> Directions for this task: Return the listing word for word, as given.

> Records for this exercise:
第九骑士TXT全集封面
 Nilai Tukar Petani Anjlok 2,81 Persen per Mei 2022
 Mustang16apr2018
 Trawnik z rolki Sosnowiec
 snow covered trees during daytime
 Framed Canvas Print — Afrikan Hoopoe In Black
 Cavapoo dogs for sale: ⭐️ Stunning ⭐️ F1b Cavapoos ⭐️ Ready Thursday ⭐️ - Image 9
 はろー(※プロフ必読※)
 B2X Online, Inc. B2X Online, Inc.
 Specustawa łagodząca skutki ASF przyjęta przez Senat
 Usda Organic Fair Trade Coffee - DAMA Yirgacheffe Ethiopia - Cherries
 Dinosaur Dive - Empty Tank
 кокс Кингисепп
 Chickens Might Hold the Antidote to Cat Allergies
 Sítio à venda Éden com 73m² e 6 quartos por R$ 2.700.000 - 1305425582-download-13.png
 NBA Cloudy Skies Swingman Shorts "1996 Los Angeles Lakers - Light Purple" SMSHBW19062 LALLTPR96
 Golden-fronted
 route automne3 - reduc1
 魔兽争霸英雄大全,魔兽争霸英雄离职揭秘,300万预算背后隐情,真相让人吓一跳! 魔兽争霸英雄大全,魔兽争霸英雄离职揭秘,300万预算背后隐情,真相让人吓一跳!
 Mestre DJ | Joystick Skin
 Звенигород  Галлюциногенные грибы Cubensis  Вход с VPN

> Result of this exercise:
第九骑士TXT全集封面
 Nilai Tukar Petani Anjlok 2,81 Persen per Mei 2022
 Mustang16apr2018
 Trawnik z rolki Sosnowiec
 snow covered trees during daytime
 Framed Canvas Print — Afrikan Hoopoe In Black
 Cavapoo dogs for sale: ⭐️ Stunning ⭐️ F1b Cavapoos ⭐️ Ready Thursday ⭐️ - Image 9
 はろー(※プロフ必読※)
 B2X Online, Inc. B2X Online, Inc.
 Specustawa łagodząca skutki ASF przyjęta przez Senat
 Usda Organic Fair Trade Coffee - DAMA Yirgacheffe Ethiopia - Cherries
 Dinosaur Dive - Empty Tank
 кокс Кингисепп
 Chickens Might Hold the Antidote to Cat Allergies
 Sítio à venda Éden com 73m² e 6 quartos por R$ 2.700.000 - 1305425582-download-13.png
 NBA Cloudy Skies Swingman Shorts "1996 Los Angeles Lakers - Light Purple" SMSHBW19062 LALLTPR96
 Golden-fronted
 route automne3 - reduc1
 魔兽争霸英雄大全,魔兽争霸英雄离职揭秘,300万预算背后隐情,真相让人吓一跳! 魔兽争霸英雄大全,魔兽争霸英雄离职揭秘,300万预算背后隐情,真相让人吓一跳!
 Mestre DJ | Joystick Skin
 Звенигород  Галлюциногенные грибы Cubensis  Вход с VPN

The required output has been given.